Official Maserati image of the GranTurismo Folgore electric grand tourer used for a buyer guide comparing it with the Porsche Taycan

Maserati GranTurismo Folgore vs Porsche Taycan: Did the Price Cut Change the Answer?

Maserati's 2027 GranTurismo Folgore price reset makes the Porsche Taycan comparison far more interesting, but the smarter buy still depends on whether you want Italian grand-touring theatre or Porsche's deeper EV playbook.

By Marcus Holloway

Maserati just made the GranTurismo Folgore a lot harder to dismiss.

Car and Driver reports the 2027 GranTurismo Folgore will start at $141,995 in the U.S., down from $199,690 for 2026. That is a dramatic reset for a tri-motor Italian electric grand tourer that previously lived in a strange pricing pocket: more expensive than many Porsche Taycans, but without Porsche’s range of trims, dealer familiarity, or EV track record.

The Folgore is not suddenly cheap. It is not even rational in the way a practical luxury EV can be rational. But the new price puts it close enough to the upper-middle Taycan lineup that the comparison becomes useful rather than silly.

So if you are shopping a high-end electric GT, does the price cut make the Maserati the more interesting choice, or is the Porsche Taycan still the smarter buy?

Quick Verdict

Choose the Maserati GranTurismo Folgore if you want the rarer, more emotional electric grand tourer and you are comfortable buying a low-volume luxury EV for character rather than spreadsheet dominance.

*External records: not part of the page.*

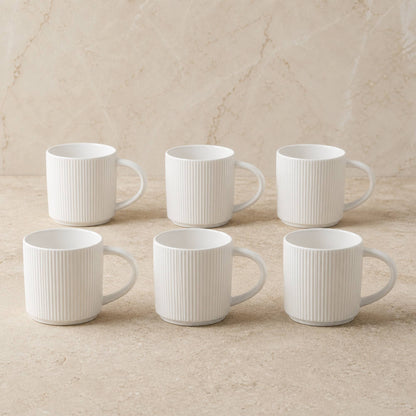 Ãfeso_set_6_mug_ambientada_01.jpg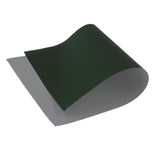 Maxbell Maxbell Clothing DIY Self-adhesive Repair Patches Mending Tape Applique Decors Green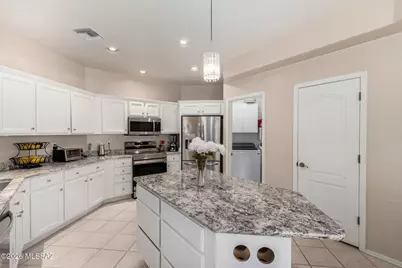 6616 E Wrigley Way, Tucson, AZ 85756 - Photo 11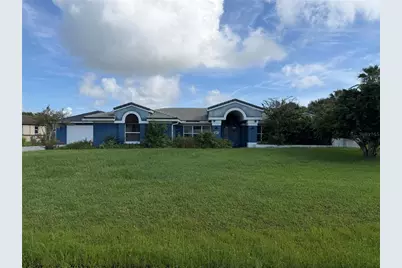 2749 S Stewart Street, Kissimmee, FL 34746 - Photo 13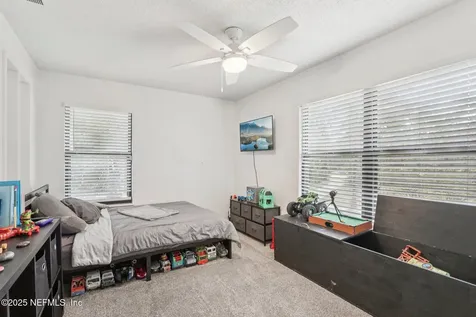 641 Nelson Drive Orange Park FL 32073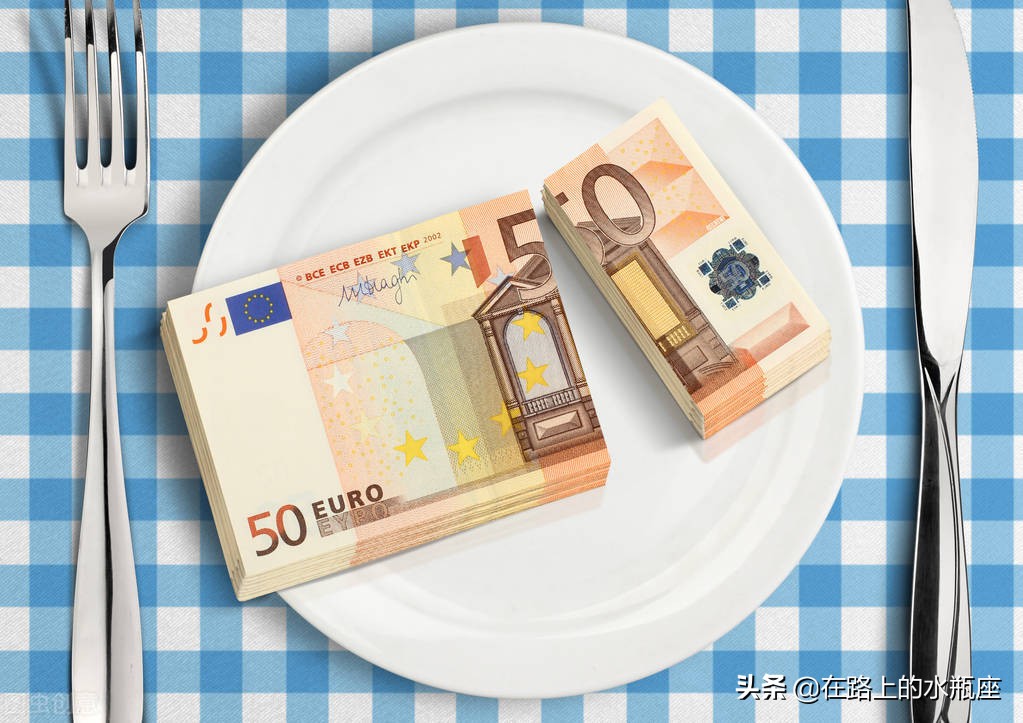 人力资源最大的价值是什么,人力资源如何为公司创造价值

The price cut gives it a real second look, especially against a Taycan GTS or well-optioned Taycan 4S.

Choose the Porsche Taycan if you want the safer EV ownership story. Porsche gives shoppers more trims, more body styles, stronger range upside, faster top-end charging hardware, a deeper performance ladder, and more real-world familiarity. The Taycan is still the default recommendation for most buyers in this segment.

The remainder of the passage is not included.